━━━ DATA SECTION
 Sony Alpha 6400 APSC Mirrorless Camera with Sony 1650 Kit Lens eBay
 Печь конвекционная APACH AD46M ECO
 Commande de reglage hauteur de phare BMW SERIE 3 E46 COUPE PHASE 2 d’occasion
━━━━━━
━━━ DATA SECTION
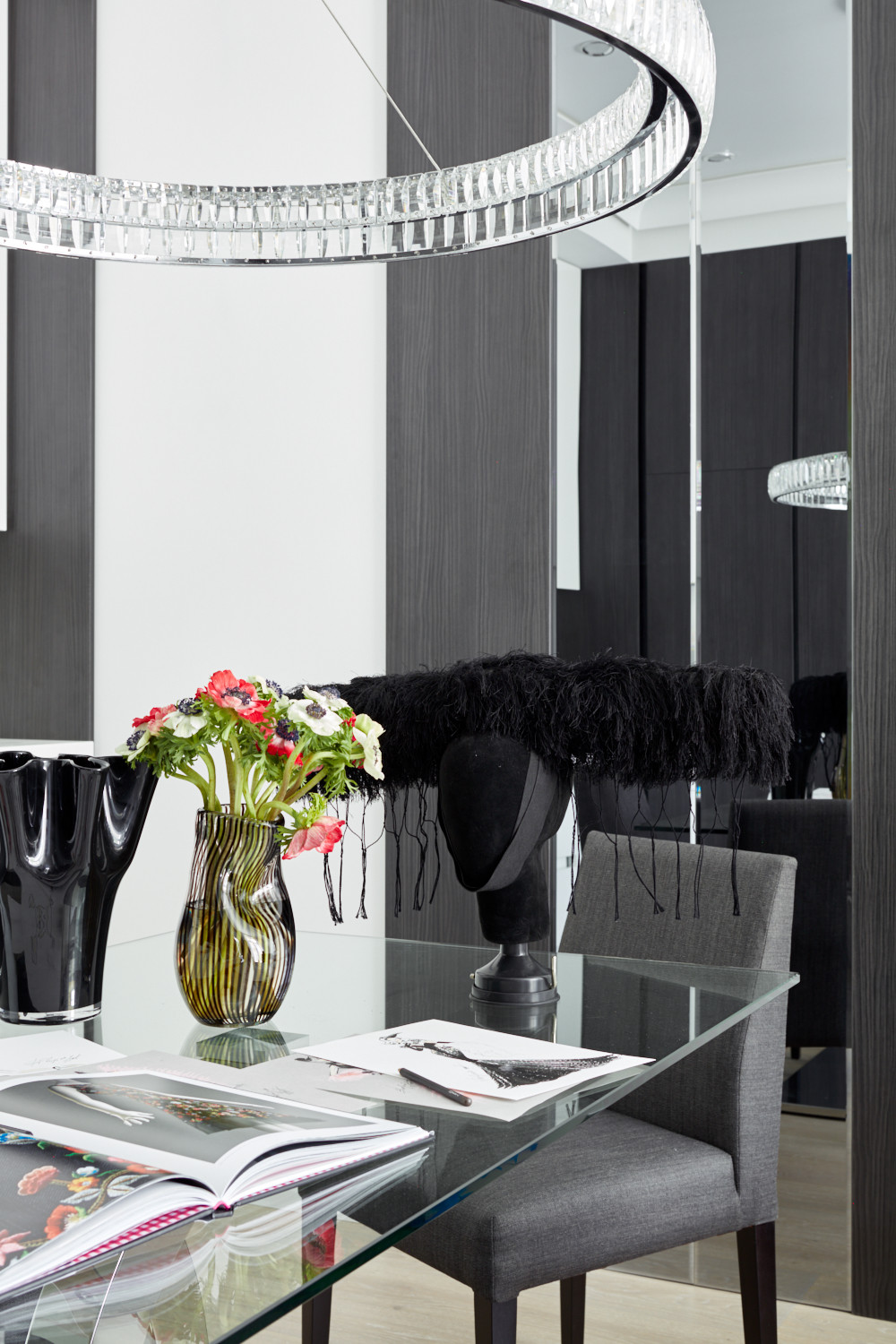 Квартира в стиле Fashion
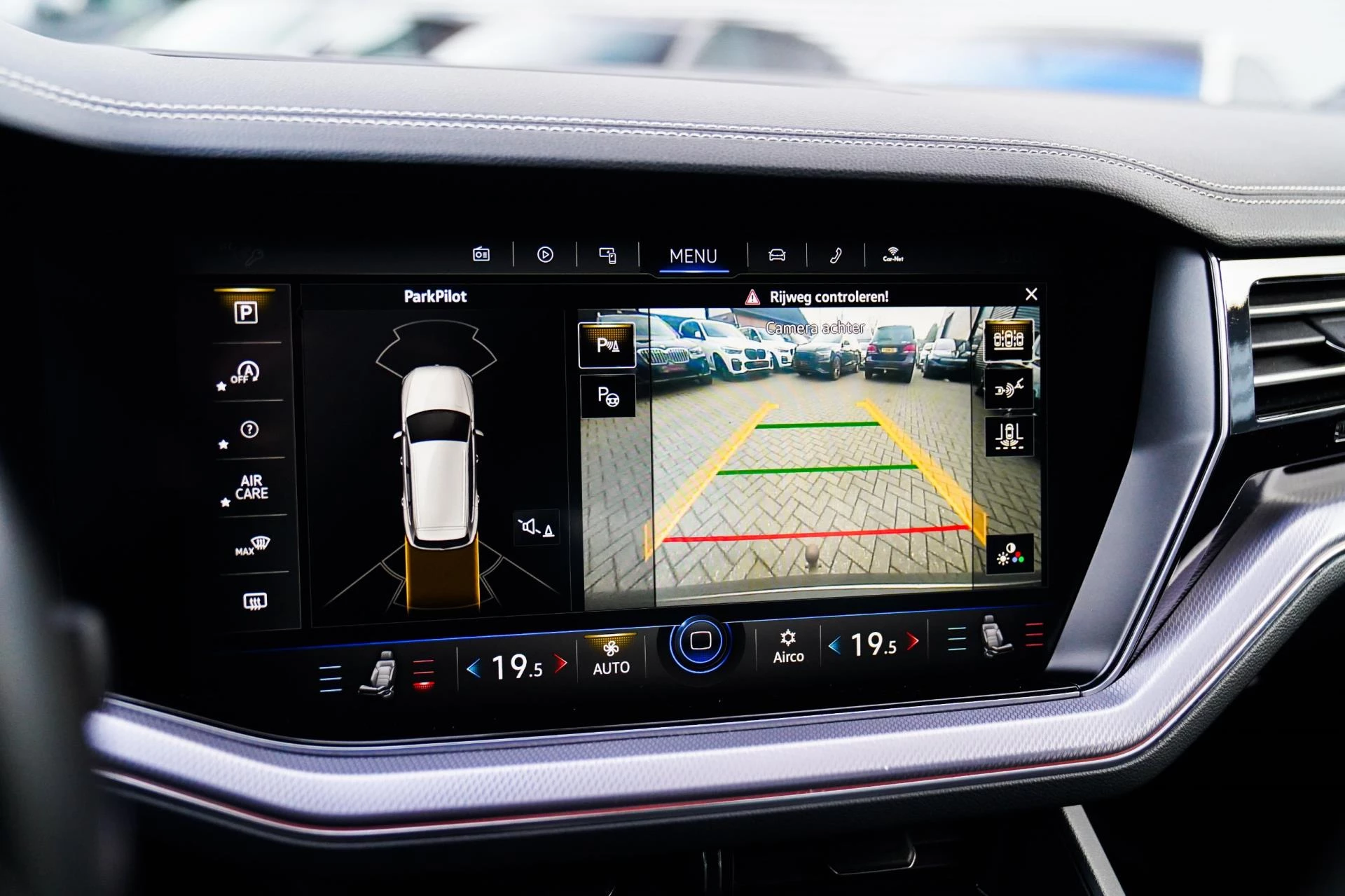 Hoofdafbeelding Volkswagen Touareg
━━━━━━
Look above for the line with "Квартира в стиле Fashion"; quote it and every line after it, stopping after the line with "Hoofdafbeelding Volkswagen Touareg", exactly, with nothing added and without pictures.

 Квартира в стиле Fashion
 Hoofdafbeelding Volkswagen Touareg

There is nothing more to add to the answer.